In this paper the authors consider variations of this situation: first, they consider arbitrary distributions of data to agents, and they consider single-blind vs. double-blind situations.  Single-blind means that agents know what information the other agents have, but not its content, while double blind means they only know what information they have.  (These terms do not necessarily mean anything related to what they would mean in, say, the PC context.)

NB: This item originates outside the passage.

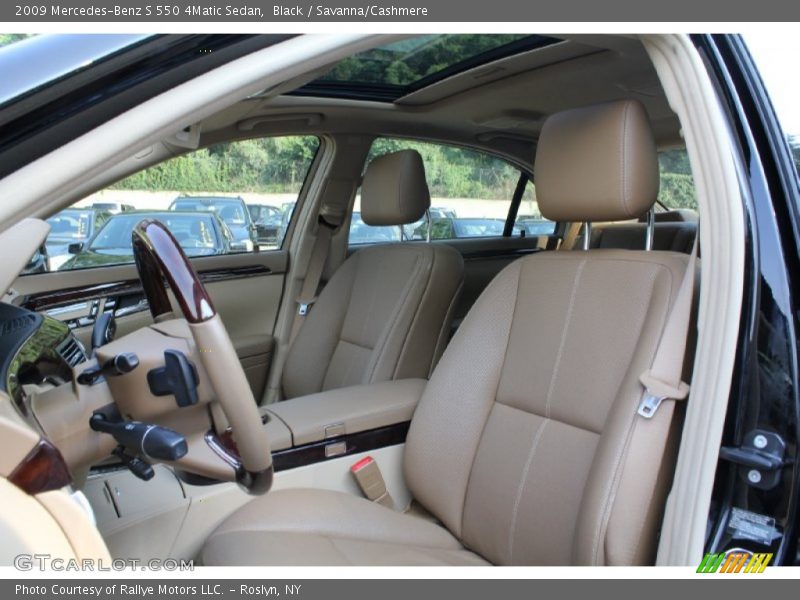 Black / Savanna/Cashmere 2009 Mercedes-Benz S 550 4Matic Sedan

The paper goes on to investigate lower and upper bounds for several specific problems:
1. Are all of the bits constant?
2. Is the input a boolean step function (i.e., matching $0^* 1^*$)?
3. What is the average (within $\epsilon$) of $N$ real values?
Interestingly, there are significant differences between the single- and double-blind scenarios, showing that meta-information about the

The proofs and presentation is clear and thorough.  I think the paper may be a good starting point for a line of work on understanding the impact of implicit or background knowledge on collective decision making.  I'm particularly interested in the possible connection to provenance, since provenance is often motivated as providing context that could inform decision-making but (to my knowledge) there is no clear explanation of what this really means, or how the information actually improves decision-making.

Stray observations:
• it would be interesting to model the program committee problem.  Doing so would require an (unrealistic?) assumption that there is a well-defined function $f$ that takes all of the papers and sorts them by quality.  One could then try to synthesize a total or partial order of the papers.
• One can view the "identify the champion" pattern as an example of an attempt to minimize the communication complexity of the PC selection process.
• Some PCs have experimented with variations on the usual scoring or championing schemes for deciding which papers to accept/discuss.  For example, ICFP 2012 gave each PC member a fixed "budget" to spend on papers they liked.